Resident Fred Martinez's typical light bill ranges from about $200 to $250. But recently, he noticed there was an added past due amount of $270.
At first, he didn't think much of it, he said, but when he was notified his light was set to be disconnected, he was confused.
"They had discovered that I owed something from 20 years ago," Martinez said.
The Brownsville Public Utilities Board is charging him from an account under his wife's name from 1998, he said.
He admits they lived at the apartments where the balance is from but can't recall if that bill was paid or not.
He said BPUB doesn't have proof that he didn't pay and should forgive the balance.

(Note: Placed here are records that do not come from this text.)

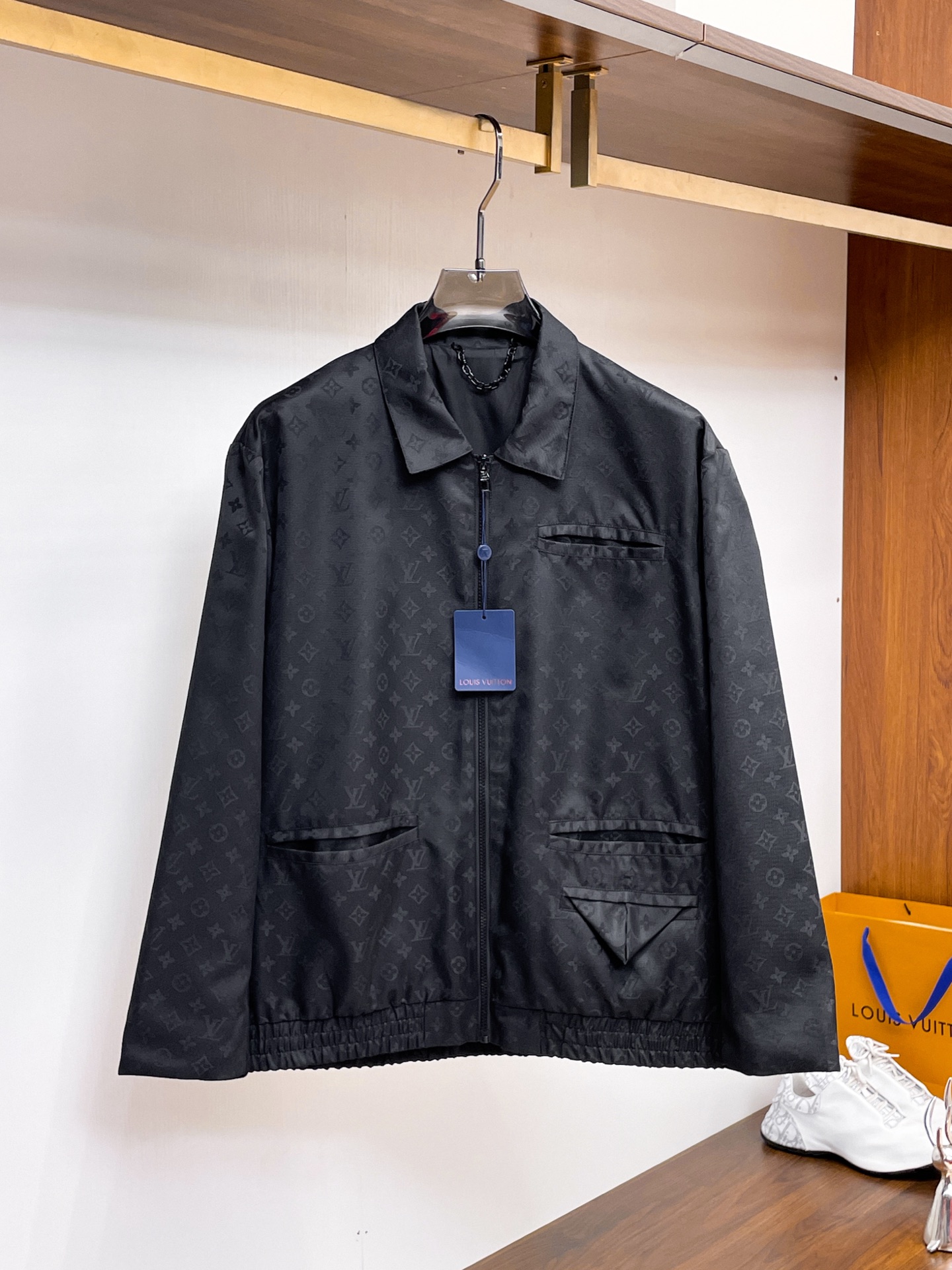 NO:761886,Same style as LV official website, complete with three labels, on sale in advance. 2026 new spring men's jacket, reversible, original single, complete with three labels, high-end version. Custom-made fabrics at the counter. Highly breathable and comfortable, impeccable details, brand element design concept, reflecting high quality. Delicate and soft feel. Casual tailoring, excellent upper body size. Size M～3XL,,,louis vuitton,jackets & coats,jackets & coats,19860909LV官网同款,三标齐全,提前发售 2026春季新款男士夹克外套,双面穿原单三标齐全高端版本 专柜定制面料 透气舒适度高,细节无可挑剔,品牌元素设计理念,体现高品质.手感细腻柔软 呈现休闲裁剪,上身版型超赞 码数M～3XL,,,louis vuitton,jackets & coats,jackets & coats,,Men's clothing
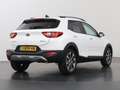 Kia Stonic 1.0 T-GDi MHEV DynamicPlusLine | Navigatie | Parke Wit - thumbnail 2
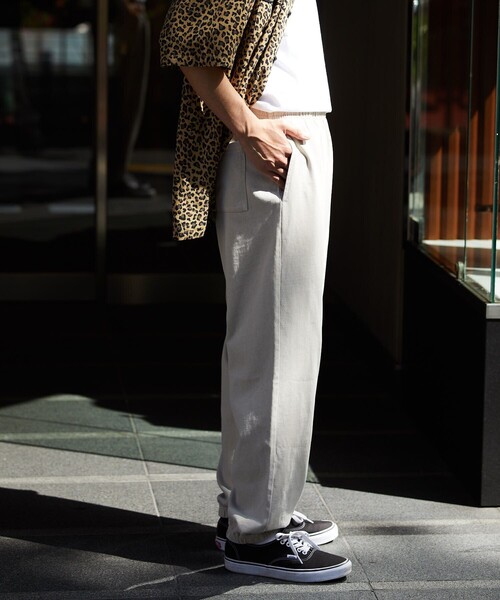 FREAK'S STORE（フリークスストア）の「FREAK'S STORE/フリークスストア ピグメント ライトウェイト スウェットパンツ/天竺素材 ロングパンツ コットンパンツ（スウェットパンツ・メンズ・アッシュグレー/グリーン/スミクロ/グレイッシュベージュ・SMALL/MEDIUM/LARGE）」の21枚目の写真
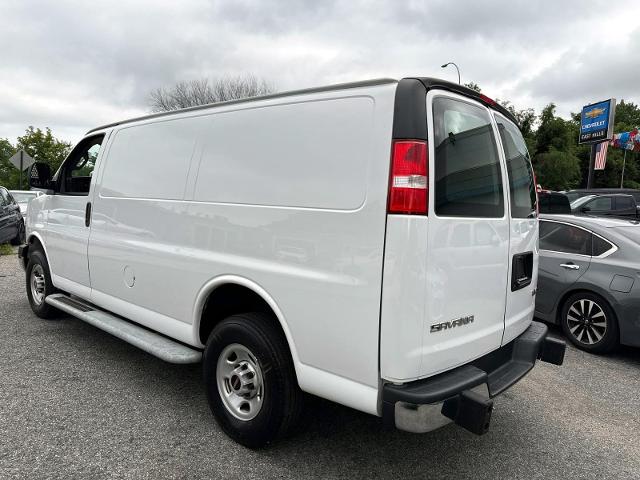 2023 GMC Savana Cargo Van Vehicle Photo in Roslyn, NY 11576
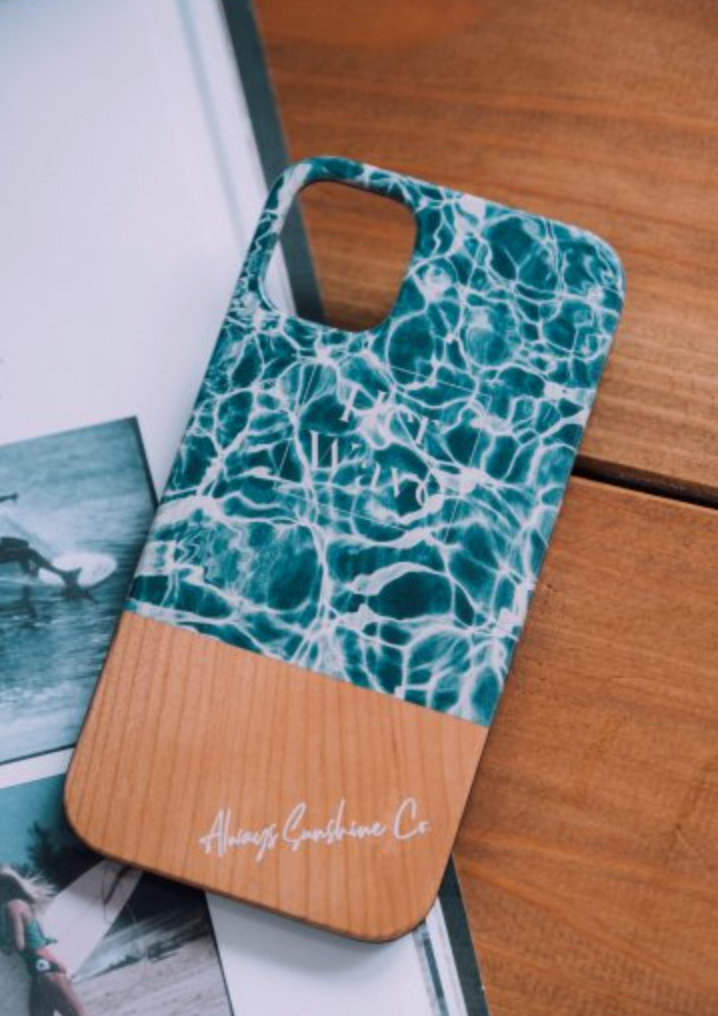 【 iPhone 14, iPhone 14 Plus, iPhone 14 Pro, iPhone 14 Pro Max対応 】iPhone Wood Case / Her Wave
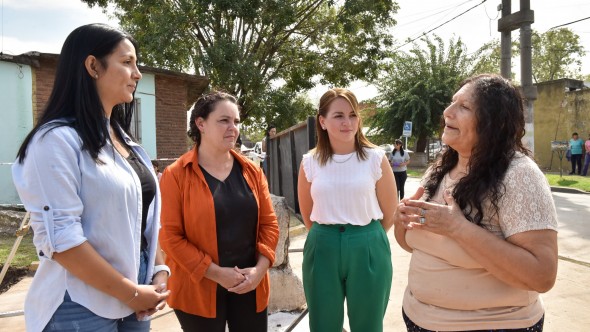 Noe Correa supervisó la obra de pavimentación de la calle Esteban Gómez, en la localidad de Tierras Altas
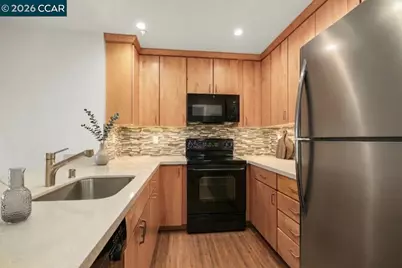 1201 Alta Vista Dr #209, Walnut Creek, CA 94596 - Photo 6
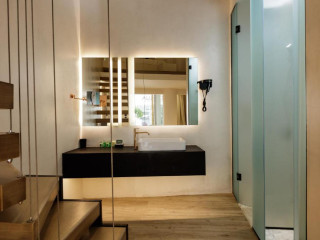 Kahlua Sea View Suites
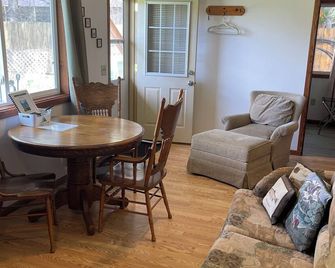 Ruth Lake Resort Motel Room # 5 - Michigamme - Comedor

"Like I told the lady, ‘If you and I were in a court of law, you wouldn't be right and I wouldn't be wrong,’" Martinez said. "The computer is saying I owe it but because I can't dispute it 20 years later, I don't have a remedy? This should be done away with."
BPUB Spokesman Ryan Greenfeld said as per city ordinance, debts owed to BPUB cannot be forgiven no matter how much time has passed.
Greenfeld couldn't speak specifically about this case but said when more than one adult is listed on an apartment lease, all adults on there are responsible for any debts owed to BPUB.
He said if someone owes BPUB, they will not be able to get services at a different residence until the debt is paid.
Greenfeld adds the light company is always willing to work with customers and arrange payment plans. However, the debt has to be paid, he said.
If it's not, the customer's services will be disconnected.
Just as CHANNEL 5 NEWS left Martinez's residence, a BPUB worker arrived to re-connect the light.
Greenfeld said reconnection only happens when a customer pays the outstanding balance or makes payment arrangements.
Martinez said he hopes that Brownsville residents can soon have more than one option for an electricity provider.
"Ninety percent of the Valley can shop around for their electricity rates prices, we can't," he said.